─── Data extracts

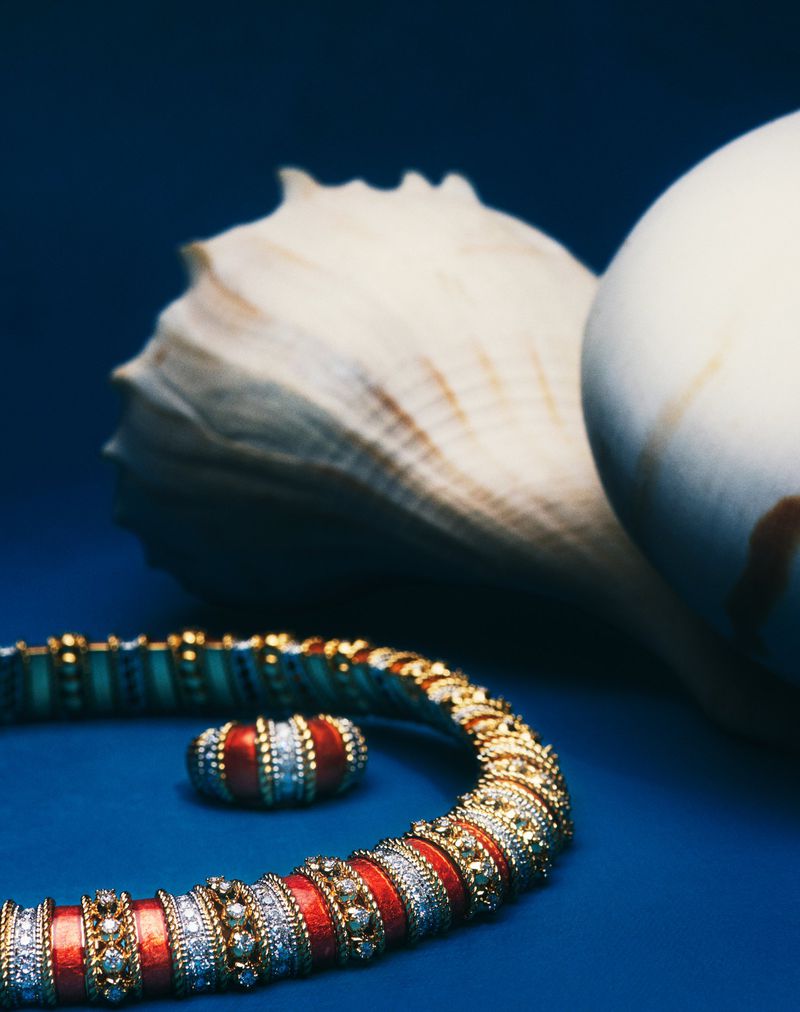 Gold luxury necklace and matching ring with red enamel and pavé stones beside large seashells on a deep blue surface.
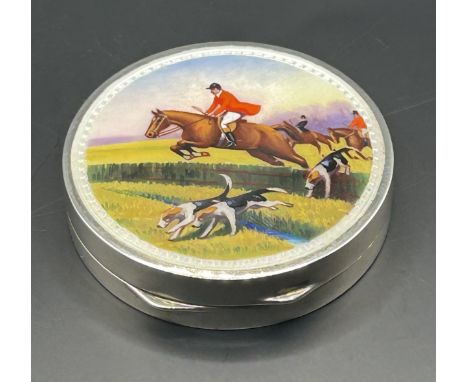 A silver and enamel compact, decorated horses, import marks for London 1929, 5 cm diameter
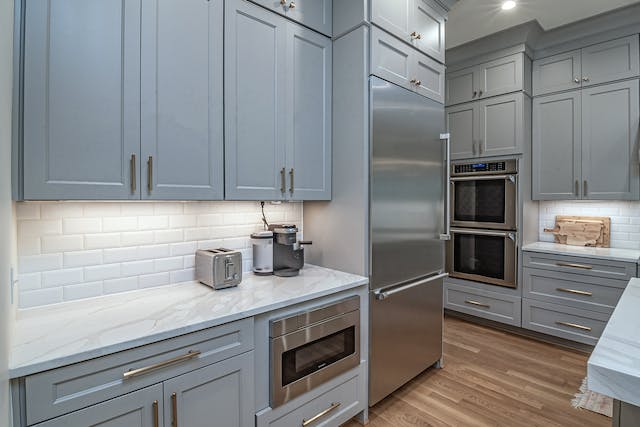 kitchen with light blue cabinets, white counters and stainless steel appliances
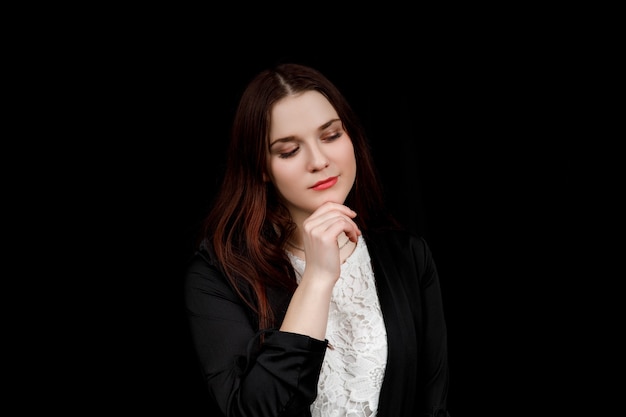 Portrait de jeune femme d'affaires dans une veste noire pense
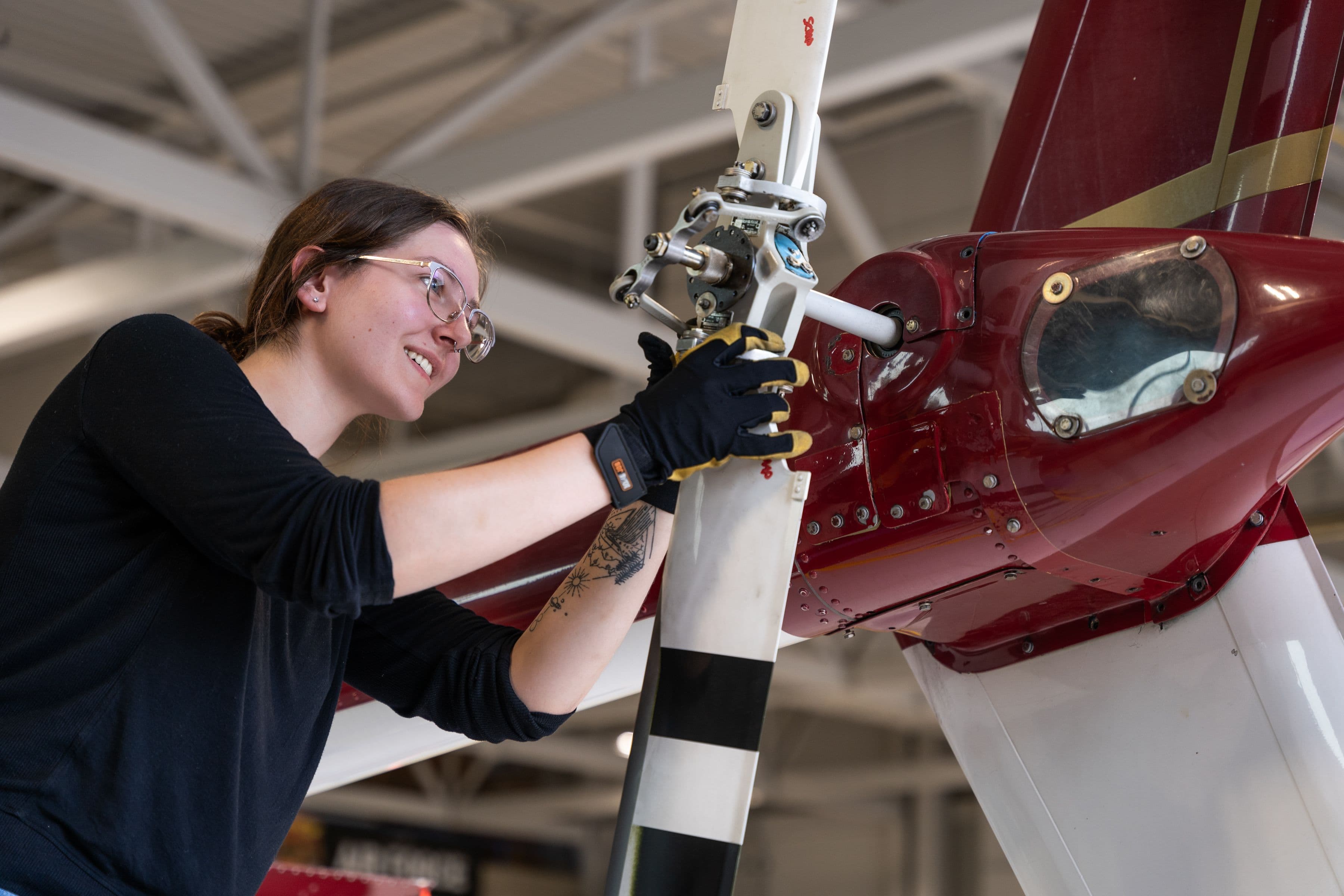 Estudiante con guantes de trabajo ajustando la hélice de una aeronave en un hangar, programa Aviation Technician - Aircraft Maintenance de Confederation College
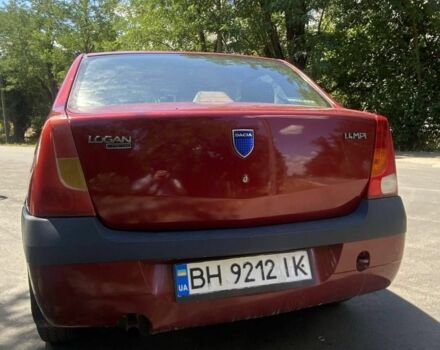 Красный Рено Логан, объемом двигателя 1.4 л и пробегом 300 тыс. км за 3000 $, фото 2 на Automoto.ua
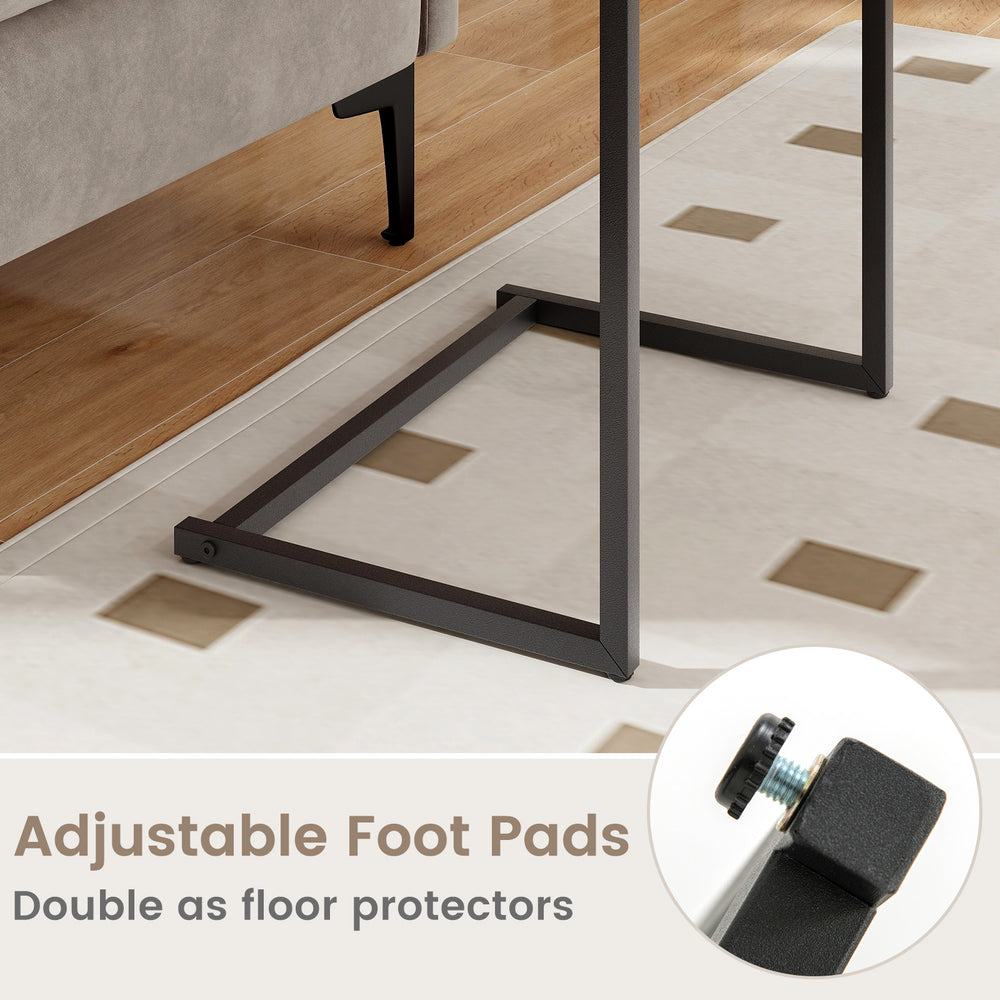 C-shaped industrial end table with adjustable foot pads, featuring a rustic wood grain finish for versatile room use.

──────

Exercise instructions –
Each entry above should be reproduced exactly, with the pictures removed.

Solution to this task –
 Gold luxury necklace and matching ring with red enamel and pavé stones beside large seashells on a deep blue surface.
 A silver and enamel compact, decorated horses, import marks for London 1929, 5 cm diameter
 kitchen with light blue cabinets, white counters and stainless steel appliances
 Portrait de jeune femme d'affaires dans une veste noire pense
 Estudiante con guantes de trabajo ajustando la hélice de una aeronave en un hangar, programa Aviation Technician - Aircraft Maintenance de Confederation College
 Красный Рено Логан, объемом двигателя 1.4 л и пробегом 300 тыс. км за 3000 $, фото 2 на Automoto.ua
 C-shaped industrial end table with adjustable foot pads, featuring a rustic wood grain finish for versatile room use.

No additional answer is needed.